When the coverup was discovered, the agency meted out extremely mild punishments to those personnel involved in the program and would have kept both the coverup and the disciplinary actions, such as they were, a secret from Americans, including the Bowers family, had not Hoekstra’s district included Muskegon. As the senior Republican member of the House Intelligence Committee, Hoekstra was in a position to press for declassification of the Inspector General’s report on ABDP. He finally succeeded in attaching a measure requiring such declassification to the 2010 Intelligence Authorization Act.
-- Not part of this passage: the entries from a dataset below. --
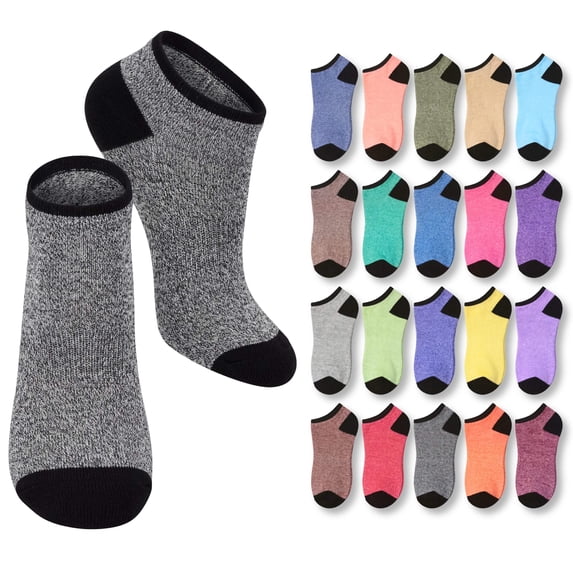 Tipi Toe Bright & Fun Low-Cut Socks – Women’s 20 Pack Set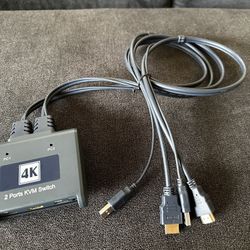 2-Port USB Dual PC KVM Switch Cable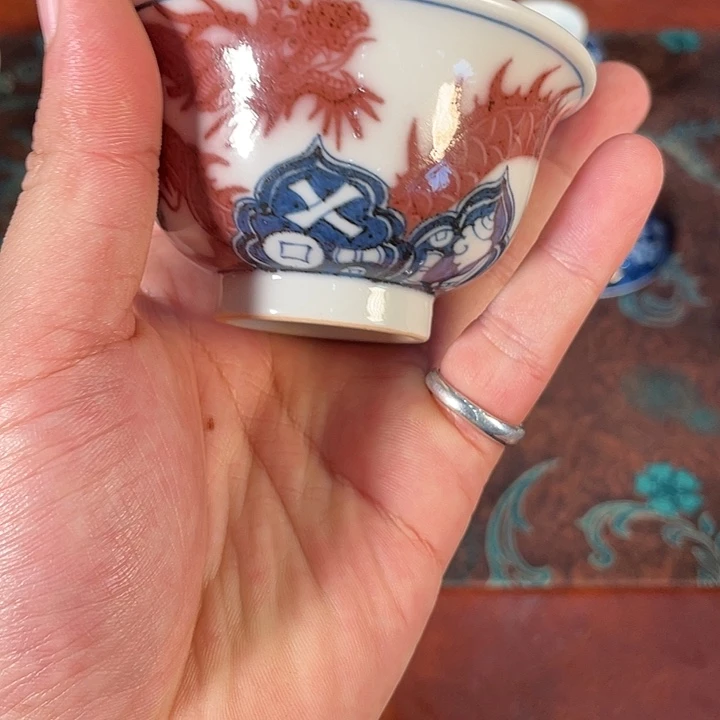 妍***易摆件瓷景德镇陶瓷老陶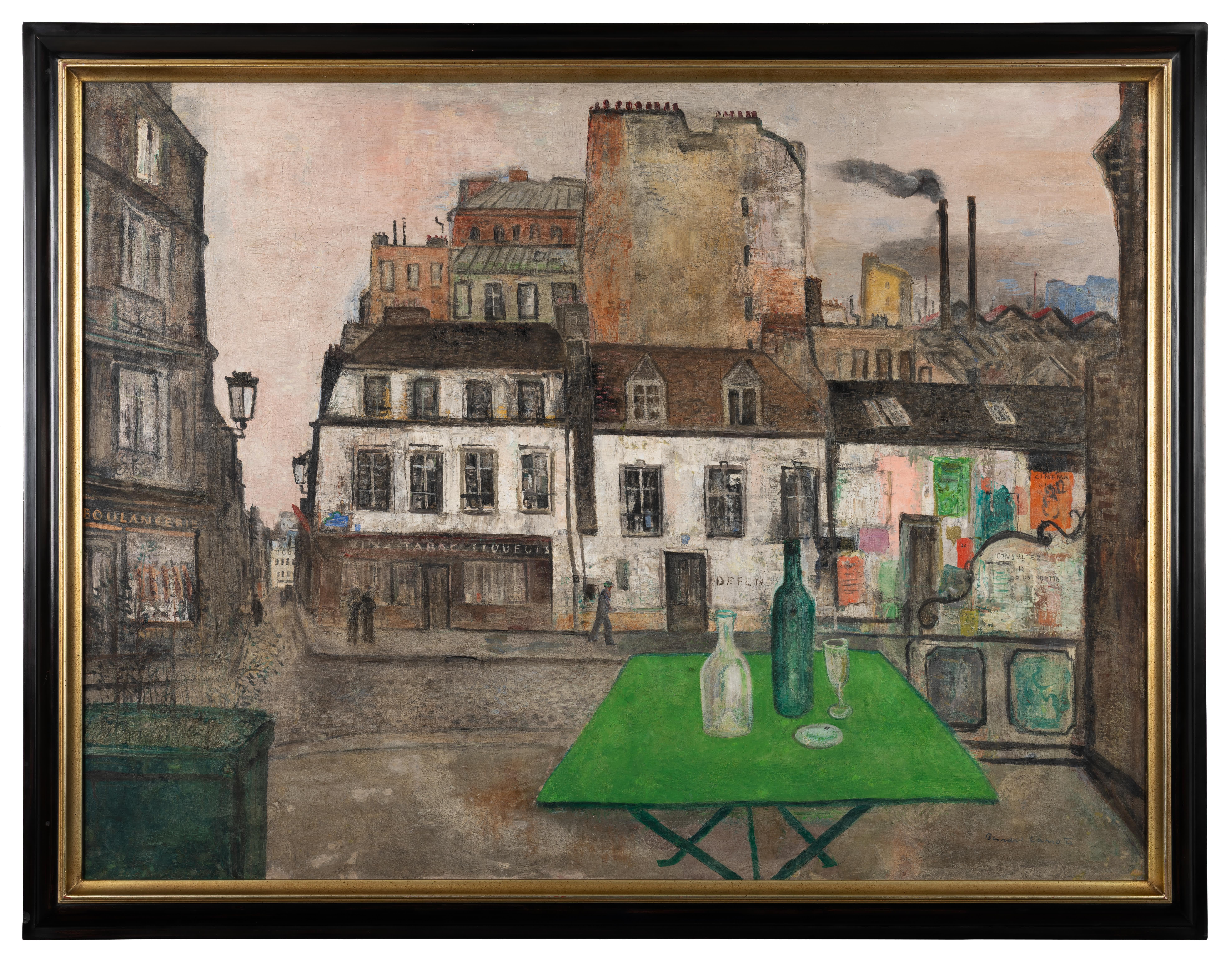 Parisian Cafe - Painting by Bernard Lamotte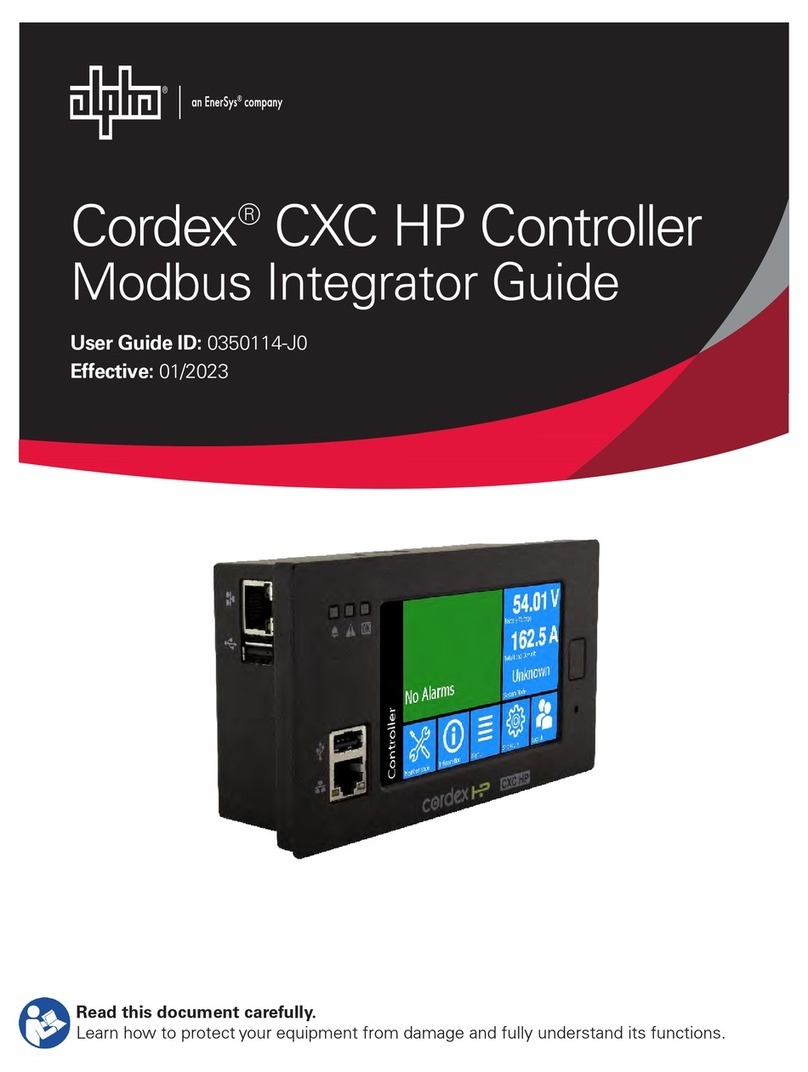EnerSys Alpha Cordex CXC HP Assembly Instructions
The jig, therefore, is up. In prosecuting the unconstitutional War on Drugs — in a foreign country to boot — agents of the U.S. government became, at the very least, accessories to murder. The CIA tried to cover up the crime but was eventually forced to slap the agents on the wrist and remind them, with a wink and a nod, never to be naughty again — or at least to do a better job of covering up their misdeeds in the future.
Even if the Bowerses’ plane had been carrying drugs, that would hardly have justified the assassination of its occupants; nor would intercepting or shooting down the plane have done the least little bit to reduce the availability of illegal drugs in the United States or anywhere else. Drug prohibition raises the price of the prohibited substances, luring more traffickers and dealers into the market, while doing little to dampen demand.
The War on Drugs has been a miserable failure, and real justice should be served to those in both the American and Peruvian governments who perpetrated the murder of Veronica and Charity Bowers.